How To Establish Credit With A Secured Credit Card
Establishing good credit with no credit history can seem like a daunting task, but obtaining a secured credit card is one option that can help you build a strong credit foundation if managed responsibly.
Secured credit cards vary from traditional credit cards in a number of ways, the first being that they require cardholders to put down a security deposit to open the account. The deposit, which serves as collateral in the event that you cannot make the payment, is generally equal to your credit limit. This means if you put down a security deposit of $200, your credit limit would be equal to $200. Keep in mind that secured credit cards may carry fees and initial account setup costs, which will be deducted from your available credit limit when you open the account.
Your payment activity and account information will be reported to the three credit bureaus so it's important to make payments on time and avoid using too much of your available credit. Your payment history makes up 35 percent of your credit score, so timely and consistent payments will help you build a strong credit history.
Your credit utilization ratio — the amount of debt vs. your credit limit on your credit cards — makes up another 30 percent of your credit score. A lower utilization percentage is viewed more favorably by both both lenders and credit scoring models alike. For example, if your credit limit is $500 and you are currently
carrying a $250 balance, your credit utilization ratio is 50 percent, which creditors may consider too high. Try to use less than 10 percent of your available credit to build a strong credit history. Making small purchases and paying off the full balance each billing cycle may be the best way to start strengthening your credit.

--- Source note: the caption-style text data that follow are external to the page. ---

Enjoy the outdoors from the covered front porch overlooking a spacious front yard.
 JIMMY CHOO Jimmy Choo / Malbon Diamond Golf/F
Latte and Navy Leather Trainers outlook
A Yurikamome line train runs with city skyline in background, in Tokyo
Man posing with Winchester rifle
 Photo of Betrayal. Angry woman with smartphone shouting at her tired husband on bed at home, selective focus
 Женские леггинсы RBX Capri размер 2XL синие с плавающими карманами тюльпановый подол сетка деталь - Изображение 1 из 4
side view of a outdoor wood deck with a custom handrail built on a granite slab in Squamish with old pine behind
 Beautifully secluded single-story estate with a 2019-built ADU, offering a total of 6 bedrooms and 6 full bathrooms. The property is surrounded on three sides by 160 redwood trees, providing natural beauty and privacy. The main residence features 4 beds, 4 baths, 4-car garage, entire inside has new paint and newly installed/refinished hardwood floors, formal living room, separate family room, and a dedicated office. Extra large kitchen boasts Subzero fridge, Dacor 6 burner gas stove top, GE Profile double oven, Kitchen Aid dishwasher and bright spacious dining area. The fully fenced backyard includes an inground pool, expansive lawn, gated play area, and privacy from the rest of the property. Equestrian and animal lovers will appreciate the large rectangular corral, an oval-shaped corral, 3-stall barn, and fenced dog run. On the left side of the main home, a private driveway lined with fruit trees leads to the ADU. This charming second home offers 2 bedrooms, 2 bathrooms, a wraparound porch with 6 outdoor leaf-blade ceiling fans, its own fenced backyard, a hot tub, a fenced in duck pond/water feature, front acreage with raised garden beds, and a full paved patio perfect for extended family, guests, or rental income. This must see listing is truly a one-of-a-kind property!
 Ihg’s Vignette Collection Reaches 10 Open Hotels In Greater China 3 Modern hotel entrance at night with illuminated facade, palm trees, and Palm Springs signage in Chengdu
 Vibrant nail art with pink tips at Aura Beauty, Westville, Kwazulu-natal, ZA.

Choosing the best secured card is as equally important as your payment history. Each card may come with a different set of fees, maintenance costs or annual percentage rates, so compare your options and read disclosure agreements closely before signing up. The APRs that accompany secured credit cards tend to be higher than those of traditional credit cards, so make sure you can handle the financial obligation to avoid paying high interest charges. Also, not all secured credit card issuers report customers' payment history to the credit bureaus. Make sure the card you choose reports to all three of the credit bureaus, otherwise all of your hard work will be in vain.
You will not develop a credit history overnight, but using your secured credit card responsibly will help you develop disciplined spending habits and build a stronger relationship with lenders. Responsible use over time will put you in the running to secure traditional credit cards with more attractive rates and fewer fees.